Identifying Key Customers and Industries through Customer Lifetime Value (CLV) Modeling and Regression Analysis

About the Datathon

Twenty self-formed teams comprised of approx. 80 Penn/Wharton students were provided the same core set of Ryder System, Inc., customer data at the contract level to model the most valuable customers and industry segments to their business. Ryder sought to create a forward-looking enterprise value model which would allow the company to tie customer-centric programs more directly to future customer value.

The teams had one week to develop their own set of goals and methodologies, identify external data sources, and create an enterprise value model coded in R. By leveraging their diverse set of analytics skills, the teams were tasked to develop a creative solution for Ryder to implement.


Ryder needed a predictive model to estimate the enterprise value of each of its customers, something of a “modified CLTV” model that would incorporate internal customer data, contract data, and external measures like industry growth rates to paint a holistic picture of each customer’s future potential.

Specifically, Ryder wanted the analysis to help inform resource allocation for various sales lead generation, retention/loyalty, and upsell/cross-sell marketing campaigns. Ryder’s goal was to explicitly tie retention spending to the expected future value of a customer.


The student teams presented their findings and solutions to Ryder executives at a Datathon symposium. The teams developed models that ranged from a standard regression analysis, a beta-geometric/geta binomial model to capture customer lifetime value (CLV), and random forest models. In the end, Ryder chose the team using a CLV Buy-Till-You-Die modeling framework.

By the Numbers


Approx. 80 Penn/Wharton students competed in the Ryder Datathon.

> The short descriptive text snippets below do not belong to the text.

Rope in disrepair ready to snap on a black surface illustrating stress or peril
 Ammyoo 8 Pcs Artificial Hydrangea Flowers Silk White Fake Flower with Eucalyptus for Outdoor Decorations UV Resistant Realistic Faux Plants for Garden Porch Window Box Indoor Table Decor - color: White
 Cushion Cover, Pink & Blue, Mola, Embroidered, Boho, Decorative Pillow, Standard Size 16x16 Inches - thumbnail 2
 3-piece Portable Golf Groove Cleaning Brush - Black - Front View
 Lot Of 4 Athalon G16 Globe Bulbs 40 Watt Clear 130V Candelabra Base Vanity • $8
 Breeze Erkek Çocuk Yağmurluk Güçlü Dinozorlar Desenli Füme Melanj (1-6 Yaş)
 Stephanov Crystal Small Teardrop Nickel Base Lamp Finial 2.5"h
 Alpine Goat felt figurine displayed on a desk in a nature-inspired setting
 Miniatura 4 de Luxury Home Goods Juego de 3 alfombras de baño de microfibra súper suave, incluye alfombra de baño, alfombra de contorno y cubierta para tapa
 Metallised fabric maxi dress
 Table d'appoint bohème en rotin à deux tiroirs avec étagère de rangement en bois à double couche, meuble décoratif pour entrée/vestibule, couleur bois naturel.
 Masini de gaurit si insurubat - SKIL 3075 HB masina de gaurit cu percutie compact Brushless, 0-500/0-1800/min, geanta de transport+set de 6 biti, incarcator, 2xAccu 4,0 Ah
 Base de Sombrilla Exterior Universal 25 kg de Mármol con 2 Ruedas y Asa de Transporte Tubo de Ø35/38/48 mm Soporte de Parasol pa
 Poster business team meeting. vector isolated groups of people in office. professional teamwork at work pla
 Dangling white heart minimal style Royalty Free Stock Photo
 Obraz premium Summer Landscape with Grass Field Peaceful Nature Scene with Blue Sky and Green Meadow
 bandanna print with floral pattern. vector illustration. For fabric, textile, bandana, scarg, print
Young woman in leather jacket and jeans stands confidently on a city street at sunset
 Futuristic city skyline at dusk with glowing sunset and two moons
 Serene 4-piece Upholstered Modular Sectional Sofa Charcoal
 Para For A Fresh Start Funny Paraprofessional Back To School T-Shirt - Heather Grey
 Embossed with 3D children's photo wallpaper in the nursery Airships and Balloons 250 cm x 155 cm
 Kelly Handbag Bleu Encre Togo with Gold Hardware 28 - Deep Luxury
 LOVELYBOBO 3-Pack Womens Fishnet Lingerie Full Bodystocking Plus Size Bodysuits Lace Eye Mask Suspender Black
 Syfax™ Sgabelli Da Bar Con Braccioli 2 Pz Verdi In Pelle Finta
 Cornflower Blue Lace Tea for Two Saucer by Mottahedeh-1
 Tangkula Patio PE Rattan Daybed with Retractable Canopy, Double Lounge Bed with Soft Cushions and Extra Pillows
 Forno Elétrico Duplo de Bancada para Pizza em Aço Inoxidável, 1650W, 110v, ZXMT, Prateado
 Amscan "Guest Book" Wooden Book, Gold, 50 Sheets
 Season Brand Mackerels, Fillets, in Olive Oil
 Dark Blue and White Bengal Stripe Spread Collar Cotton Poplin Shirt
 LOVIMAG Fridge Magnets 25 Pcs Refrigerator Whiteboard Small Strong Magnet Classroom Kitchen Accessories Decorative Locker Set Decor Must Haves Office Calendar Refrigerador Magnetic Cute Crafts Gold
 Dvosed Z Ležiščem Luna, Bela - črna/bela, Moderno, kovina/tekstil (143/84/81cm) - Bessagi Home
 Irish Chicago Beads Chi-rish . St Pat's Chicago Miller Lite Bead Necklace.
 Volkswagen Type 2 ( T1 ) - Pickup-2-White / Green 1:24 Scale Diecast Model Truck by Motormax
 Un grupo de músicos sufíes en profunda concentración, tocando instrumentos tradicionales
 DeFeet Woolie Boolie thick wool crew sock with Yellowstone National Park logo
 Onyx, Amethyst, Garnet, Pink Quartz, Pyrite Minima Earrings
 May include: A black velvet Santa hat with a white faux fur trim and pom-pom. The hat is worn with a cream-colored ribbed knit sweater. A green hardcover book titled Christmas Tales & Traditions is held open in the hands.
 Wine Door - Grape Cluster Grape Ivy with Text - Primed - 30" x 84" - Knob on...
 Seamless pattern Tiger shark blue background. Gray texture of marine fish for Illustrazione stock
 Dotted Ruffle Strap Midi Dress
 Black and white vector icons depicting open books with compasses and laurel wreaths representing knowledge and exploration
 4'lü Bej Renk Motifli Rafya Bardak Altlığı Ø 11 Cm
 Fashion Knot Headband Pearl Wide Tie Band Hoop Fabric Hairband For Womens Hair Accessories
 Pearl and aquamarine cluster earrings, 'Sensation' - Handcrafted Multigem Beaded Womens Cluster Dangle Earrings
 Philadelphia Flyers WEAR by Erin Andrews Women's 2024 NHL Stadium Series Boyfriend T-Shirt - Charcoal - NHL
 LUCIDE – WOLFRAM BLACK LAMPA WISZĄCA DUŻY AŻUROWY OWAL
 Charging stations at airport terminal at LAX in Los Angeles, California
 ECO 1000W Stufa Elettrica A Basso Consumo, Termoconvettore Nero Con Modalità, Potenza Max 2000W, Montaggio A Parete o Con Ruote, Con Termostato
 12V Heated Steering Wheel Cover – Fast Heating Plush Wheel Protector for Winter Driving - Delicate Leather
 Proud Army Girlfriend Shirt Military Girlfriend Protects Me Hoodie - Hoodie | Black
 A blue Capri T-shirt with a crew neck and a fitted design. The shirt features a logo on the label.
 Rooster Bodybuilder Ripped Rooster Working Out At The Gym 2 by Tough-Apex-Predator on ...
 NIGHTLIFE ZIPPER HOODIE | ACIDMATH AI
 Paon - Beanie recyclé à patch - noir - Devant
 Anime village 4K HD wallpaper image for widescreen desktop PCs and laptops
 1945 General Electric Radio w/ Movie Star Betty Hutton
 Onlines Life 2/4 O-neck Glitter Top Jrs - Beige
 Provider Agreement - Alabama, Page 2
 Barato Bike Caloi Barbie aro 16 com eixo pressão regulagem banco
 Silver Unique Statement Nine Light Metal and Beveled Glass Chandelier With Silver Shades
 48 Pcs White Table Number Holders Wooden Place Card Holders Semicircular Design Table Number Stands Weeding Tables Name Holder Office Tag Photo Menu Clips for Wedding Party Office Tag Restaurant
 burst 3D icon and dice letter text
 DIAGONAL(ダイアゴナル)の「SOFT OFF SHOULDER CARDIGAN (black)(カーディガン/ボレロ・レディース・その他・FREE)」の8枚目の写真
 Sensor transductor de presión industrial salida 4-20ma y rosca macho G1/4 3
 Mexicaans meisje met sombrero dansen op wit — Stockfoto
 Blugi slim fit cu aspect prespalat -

The winning team identified that 13% of customers contributed 75% of revenue.

The Winning Team


The winning team sought to identify customers with the highest future revenue projections using a CLV model and coupled these customers within targeted industries with higher revenue contribution.


The team reviewed customer transactions across all three different business segments, including Fleet Management Solutions, Supply Chain Solutions, and Dedicated Transportation Solutions. They interpreted each contract change as a transaction by the customer using a combination of regression analysis and customer lifetime value (CLV) to predict future contract purchases.


By combining a CLV model with regression analysis, the team identified that 13% of customers contributed 75% of revenue. The team also identified that customers in the Fleet Management Systems business unit and the trucking industry have the highest customer lifetime value (CLV).